### [ACTIVITY]
Stop after the line holding "Cumulus blancs nuages". Repeat exactly every line before it in the records below, that line too, and leave out the pictures.

### [AVAILABLE RECORDS]
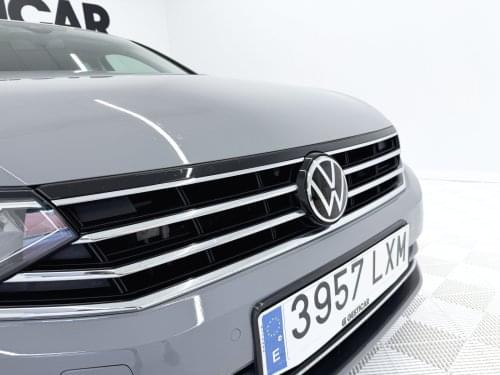 VOLKSWAGEN PASSAT VARIANT EXECUTIVE 2.0 TDI  DSG 150CV 2022 de segunda mano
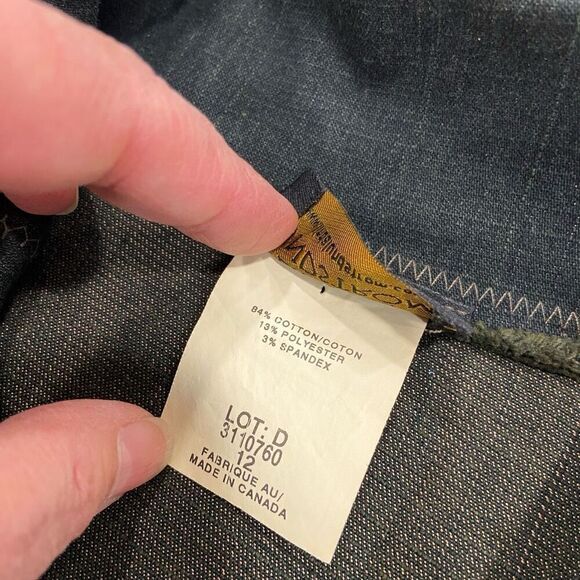 New✨ LINDA LUNDSTROM Distressed Denim Jacket - Picture 7 of 10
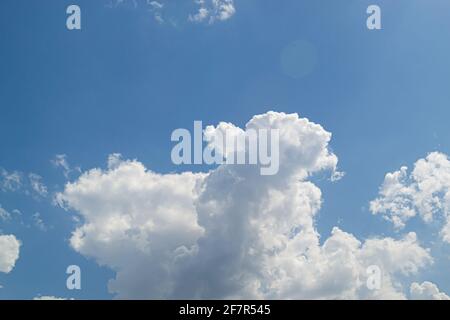 Cumulus blancs nuages contre le ciel bleu. Nuages arrière-plan dans le ciel Banque D'Images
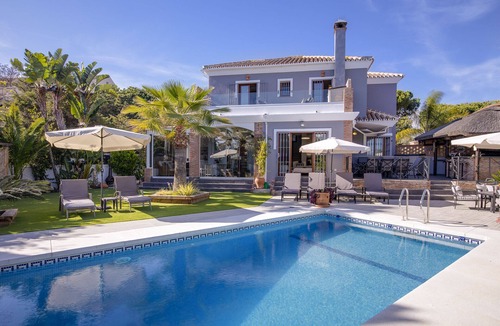 Urbanizacion Pinos Verdes Villa | 4 bed, 4 Ensuite, Heated Pool, A/C, Nr Beach in Marbesa, near Cabopino, Marbella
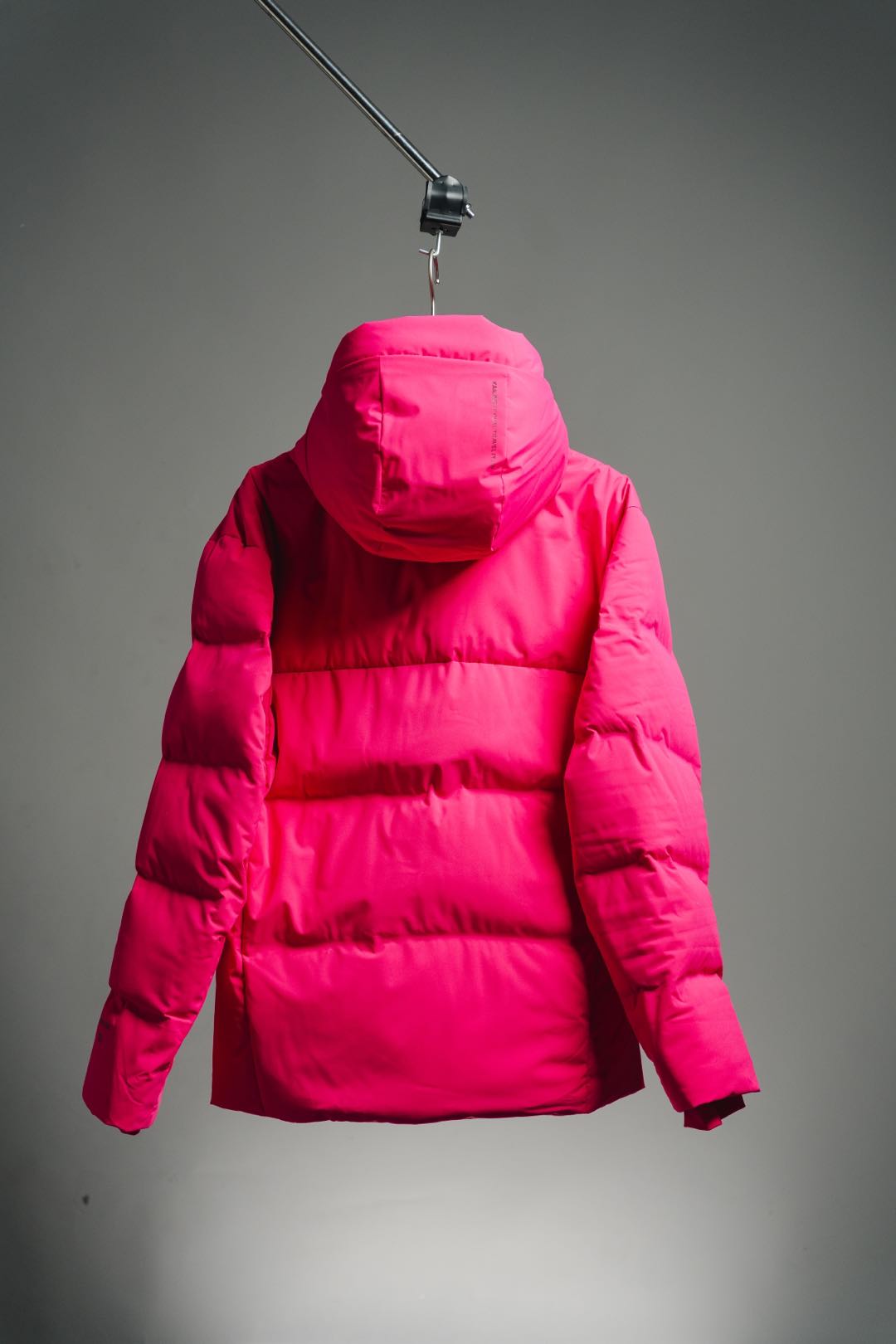 💰540 玫瑰粉 凯乐石达古羽绒服
【N厂凯乐石达古冬季户外抗寒加厚登山防风鹅绒服】独家货源
设计理念：
      这款凯乐石达古鹅绒服是以中国川西阿坝的达古冰川命名的一款鹅绒服，全气候适应，应对山地四季多变气候及温差满足湿冷环境中的保暖防护需求, 为湿冷天气下徒步登山及山地生活设计，具备高性能保暖科技和防风防小雨功能，当外部冷气入侵，即使汗湿情况下，仍可保持恒定保暖，一款高性能羽绒服为你提供需求。
面料+特点：
        ✅ 采用原版定制FILTER-TEC科技面料提供防风保护
        ✅  可调节立体充绒防风帽
        ✅ 填充700蓬鹅绒，绒子含量达90%，高效保暖
        ✅每件衣服充绒量为180g➕以上
        ✅两侧拉链插手袋，内里设有拉链口袋和收纳网袋，方便收纳物品
        ✅透气拉链设计，快速散热
        ✅弹力防风袖口，防止寒气进入
        ✅内里洗水友好结构设计，便于清洗
        ✅兼具防风抗水、透汽、耐磨等全面防护性能，更好应对徒步穿越中的多变天气挑战
        ✅面料采用撞色设计，独特大方
        ✅大臂后侧有独特的透气拉链设计，快速散热
        ✅ 在户外微雨环境下，能够抵挡水滴，防止渗透，抵御日常油污，拒绝吸收油液体类，易去污，普通洗涤，即可轻易去除污迹
        ✅  抗风，透气，轻微保暖，耐磨
        ✅ 三维调节风帽贴脸不漏风，不遮挡
        ✅男女同款 版型偏宽松，冬季必备
        ✅适合亚洲人群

### [SOLUTION BELOW]
 VOLKSWAGEN PASSAT VARIANT EXECUTIVE 2.0 TDI  DSG 150CV 2022 de segunda mano
 New✨ LINDA LUNDSTROM Distressed Denim Jacket - Picture 7 of 10
 Cumulus blancs nuages contre le ciel bleu. Nuages arrière-plan dans le ciel Banque D'Images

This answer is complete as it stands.